China is to adopt a new national market access system from 2018 for domestic and foreign investors, part of steps to make the market more attractive to them.
The "negative list" system will help to identify sectors and businesses that are off-limits, in addition to the existing investment approval method of specifying categories of "encouraged", "prohibited" and "restricted".
A guideline for adopting a negative list approach for regulating market access was approved at a meeting of the Central Leading Group for Comprehensively Deepening Reforms presided over by President Xi Jinping last week.
The approach will be promoted in some pilot regions during the next two years and will be implemented nationwide from 2018, the National Development and Reform Commission said in a statement on Monday.
The negative list system will be applied equally to foreign and domestic investors, as well as private and State-owned ones, according to a commission official.
Details of the new system have still to be announced, the official said. However, the guideline includes a top-level design for negative-list policies and highlights the requirements, tasks and support policies.
According to the commission, the negative list will apply to initial investment, additional investment, mergers and other investment activities, and market entry practices.
The list must be drawn up in a transparent and gradual manner and must conform with the law, it said.
The list will be formulated by the State Council, and local governments have no authority to change the items without approval from the State Council.
The guideline also paved the way for drawing up a negative list for foreign investors, who will be regulated separately, the official said.

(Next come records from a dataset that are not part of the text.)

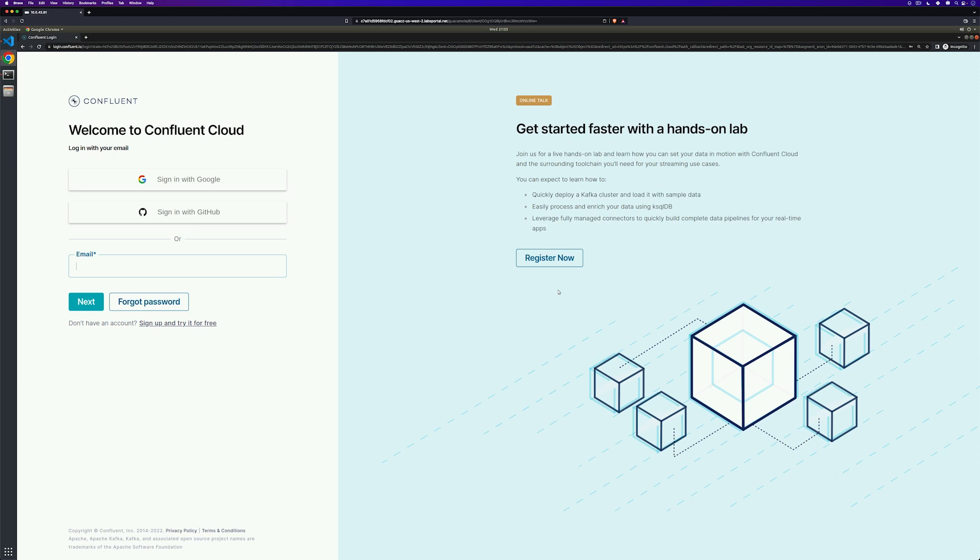Let's get started quickly, producing and consuming messages by using Confluent Cloud to run Kafka for us.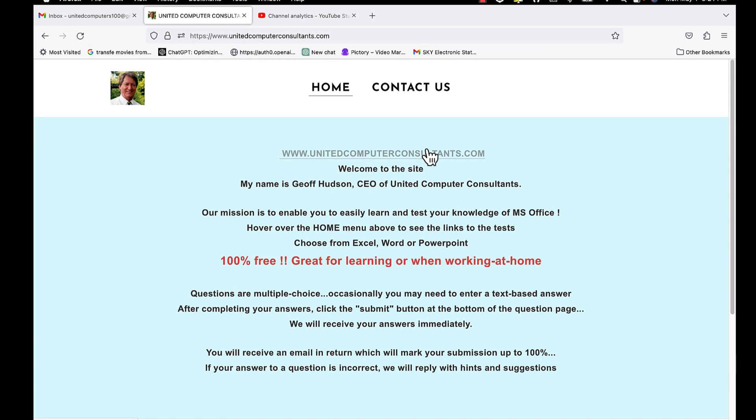Good morning, good afternoon or good evening, wherever you might be watching. Let's look at how we can use the Microsoft Office Tests website.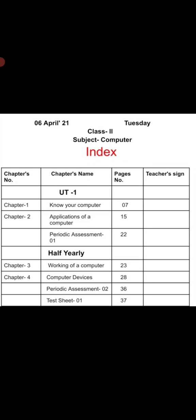As you can see, the index is already given on your notebooks. The first column is for chapter number — you just have to write the number of chapters. The second column is for date — you have to fill in the date when your chapter will start. The third column is for chapter name — here you have to write the name of the chapters.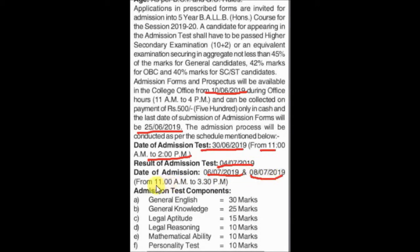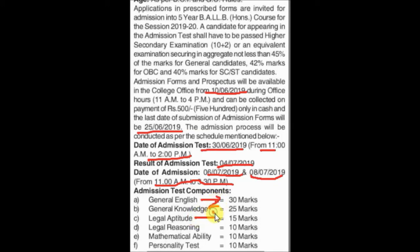You have to apply for the entrance test. The entrance test is a total of 100 marks. The subjects include general knowledge, legal aptitude, mathematical ability, and a personality test — total 100 marks for the entrance test.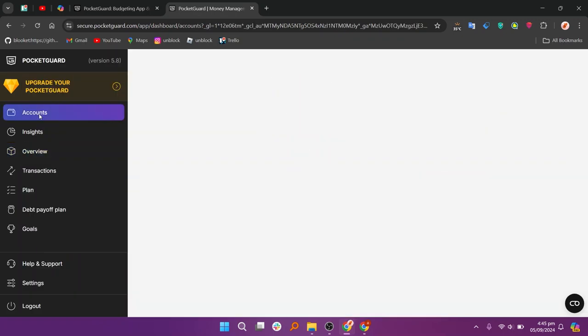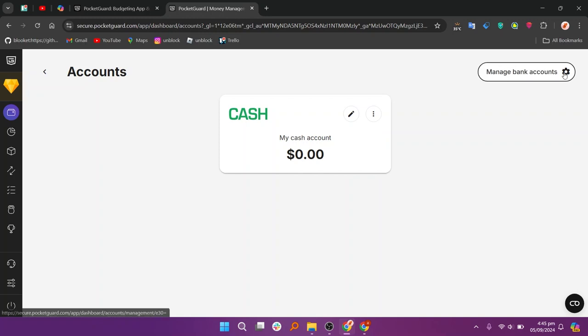Then go to the left side menu and click on Accounts. Next click on Manage Bank Accounts at the top right corner of the screen.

Zhang Jianping, a senior researcher at the Institute for International Economic Research under the commission, said: "It's significant to switch to a negative list management system, and China will unleash more potential to attract foreign investment, particularly in the service sector."
The latest version of the Catalog for the Guidance of Industries for Foreign Investment was issued on April 10. It made the service and manufacturing sectors more accessible by cutting the number of restricted sectors from 79 to 38.
The negative list method gained significant momentum after being adopted by the China (Shanghai) Pilot Free Trade Zone on its establishment in 2013. In April, Guangdong, Tianjin and Fujian were announced as new free trade zones. All four zones share the same negative list.